[net.physics] CG is <not> CM

kcarroll (08/10/82)

   Aha! I think I see! Center-of-mass is <not> the same as
center-of-gravity!  I agree that the path that the CM of a
supernova follows is the same as the path followed by the pre-nova
star (neglecting friction effects with surrounding gas-clouds, and
electro-magnetic interaction with the rest of the galaxy; let's
just say, <by Newtonian physics>). However, unless the
expanding gas-cloud has a spherically symmetric density-distribution,
the CG of the cloud does <not> follow that path. In fact, it seems
that "center of gravity" is a nearly meaningless fiction,
except in the case of spherically-symmetric bodies. 
   Consider 2 bodies, A and B. A is a point-mass, while B has
some volume. Bring A and B close together; they will be attracted
towards each other, by gravitational force. Now, the force on A
will be the integral over all the mass in B, of the force on A
due to a differential portion of B's mass. The direction of the
force acting on A will be the direction of the vector sum of all 
the differential forces on A due to infinitesimal portions of
B's mass. Supposedly, this direction is the direction from A to the
center of gravity of B. Right?
   Now consider the two cases shown below:

CASE 1:                        B

           A


CASE 2:    B1                                      B2

           A

In case 1 B is a single, compact body. The direction of the
gravitational force on A due to B points pretty well directly
towards B. In case 2, B has been split up into 2 (say equal) masses,
B1 and B2. The center of mass of this system is the same as for
that  of case 1. However, considering that the force of gravity
varies with the inverse square of the distance between the interacting
bodies, the force on A due to B1 (pointing in the direction of B1)
will be much stronger than the force on A due to B2 (towards B2). Hence,
the net force on A due to (B1 and B2) will point almost towards
B1. The apparent CG of B has moved to the left. Note that if A
had originally been placed over to the right, then the CG would have
appeared to have shifted to the right, instead. CG is thus a function
of the position of the observer; it doesn't seem to be the "center"
of the B system at all, does it?
(thanks Wedekind.ES@PARC-MAX, and others, for clearing this up)


Kieran A. Carroll
...decvax!utzoo!kcarroll

G:wing (08/12/82)

I better hope that CG is not fake.  That's how pilots balance their aircraft!

rhm (08/12/82)

I would like to apologize for having used "center of gravity" instead of
"center of mass" in a moment of frenzied typing. utzoo!kcarroll is quite
correct in pointing out that CG is essentially meaningless.

G:wing (08/12/82)

As a followup to my posting, on Earth we must use CG because of gravity.

thomas (08/12/82)

G:wing's articles indicate a common misconception about Center of Gravity
vs.
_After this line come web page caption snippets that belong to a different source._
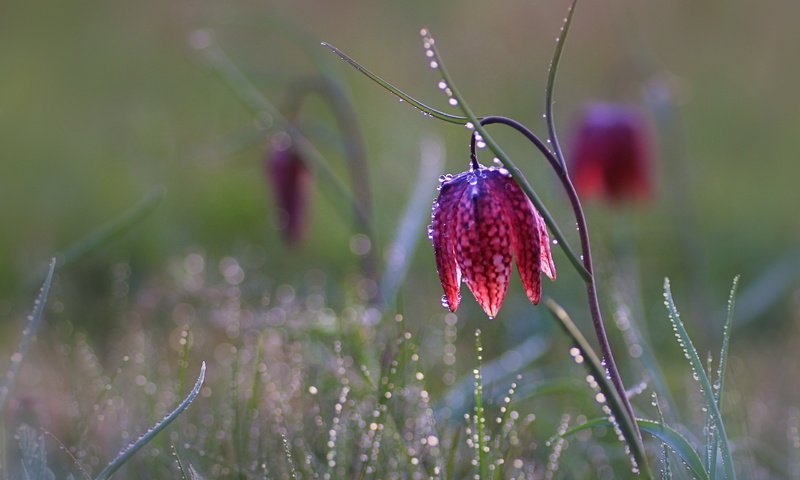 Обои трава, цветок, капли, рябчик шахматный, grass, flower, drops, grouse chess разрешение 2560x1703 Загрузить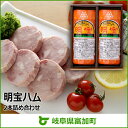 【ふるさと納税】明宝ハム 2本 詰め合わせ 360g×2本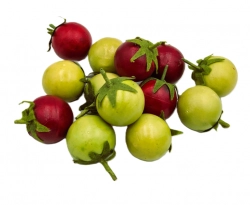 Rajče umělé 4cm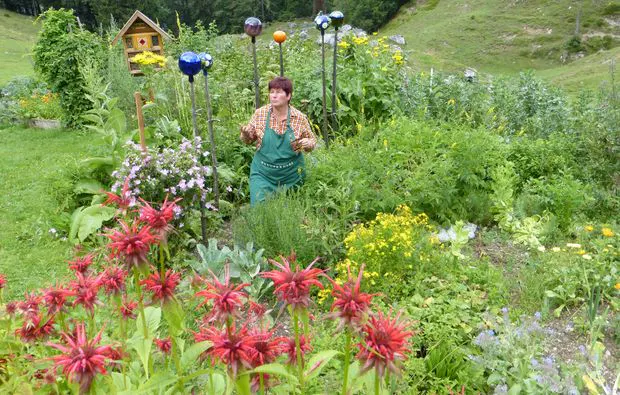 Kulinarische Bergwanderung in Reit im Winkl - 12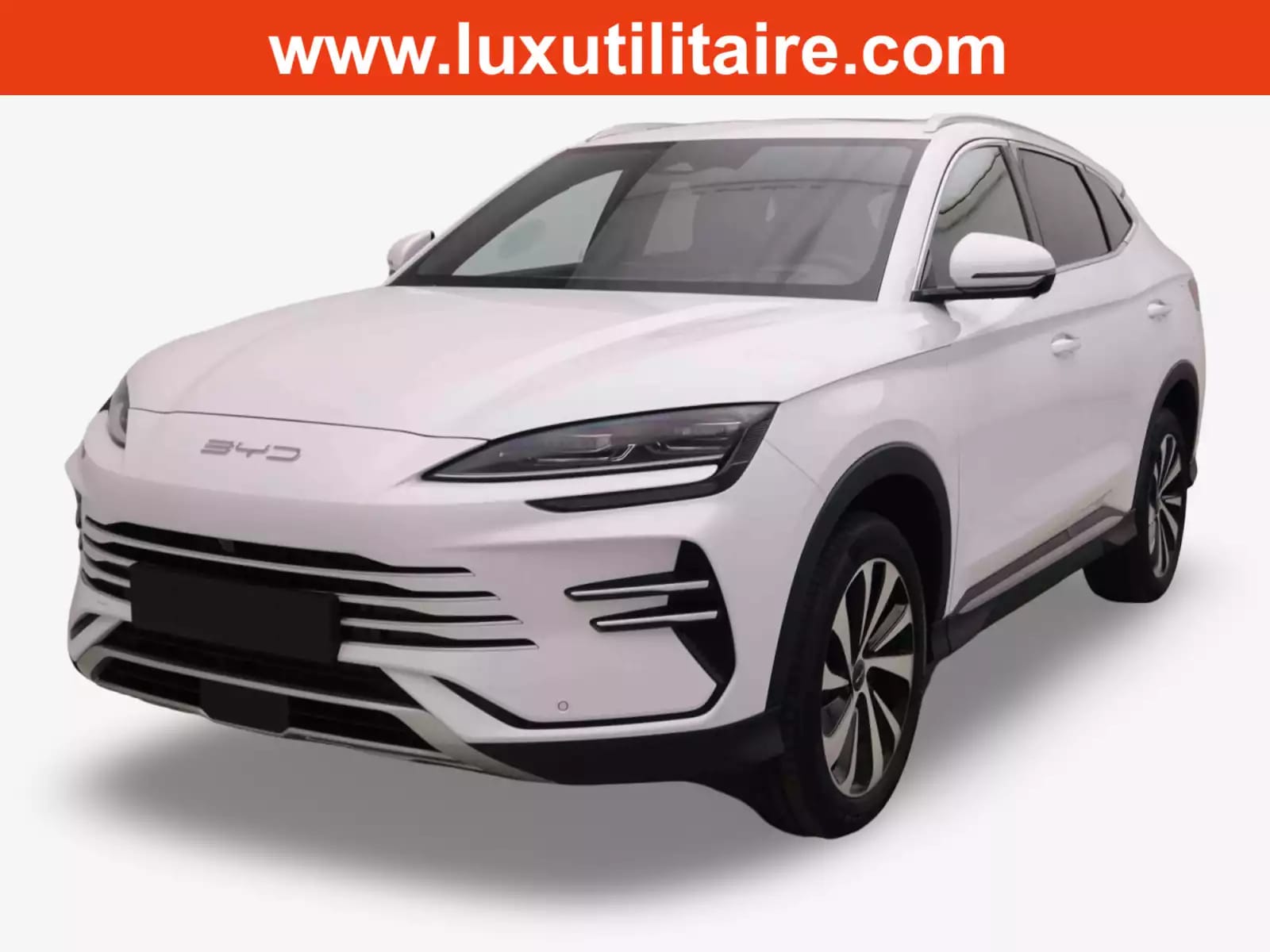 BYD Seal U 1.5 PHEV 218 Automatique - Photo 1
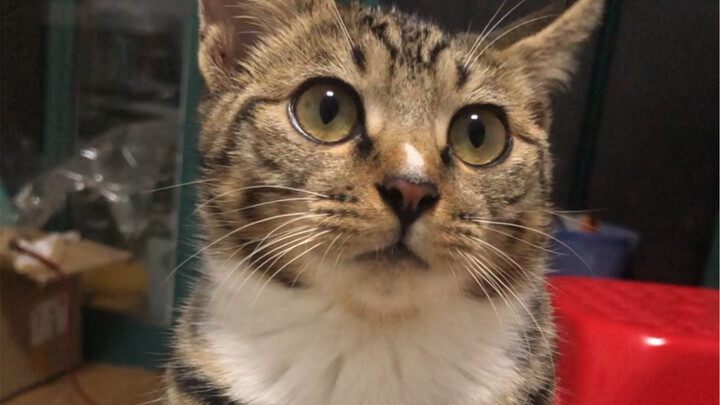After you start raising a calico cat, even when you’re just staring into space, there’s always a fel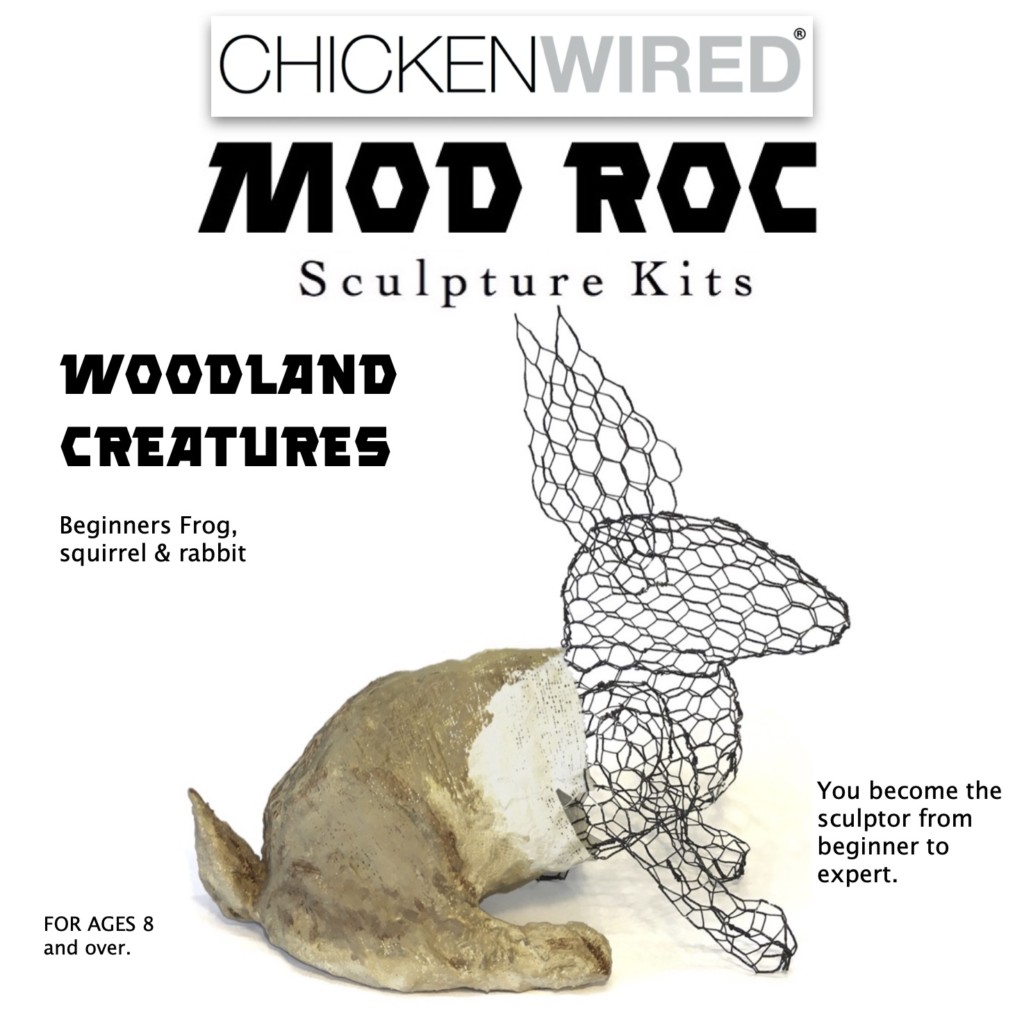 Mod Roc Insect Scupture Kits – ChickenWIRED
Center of Mass.  (Seems to parallel the weight vs mass problem.)
What we commonly call "Center of Gravity" is REALLY the center of mass.
"Center of Gravity" refers to the point in space towards which an object is 
attracted by the gravitational attraction of the object under consideration.
As an earlier article pointed out, if the attracting object is not spherical,
the "Center of Gravity" can depend on the position of the attracted object.

=Spencer

G:wing (08/13/82)

Do take notice that on Earth it is a LITTLE more difficult to find the true
center of mass than the apparent center of gravity...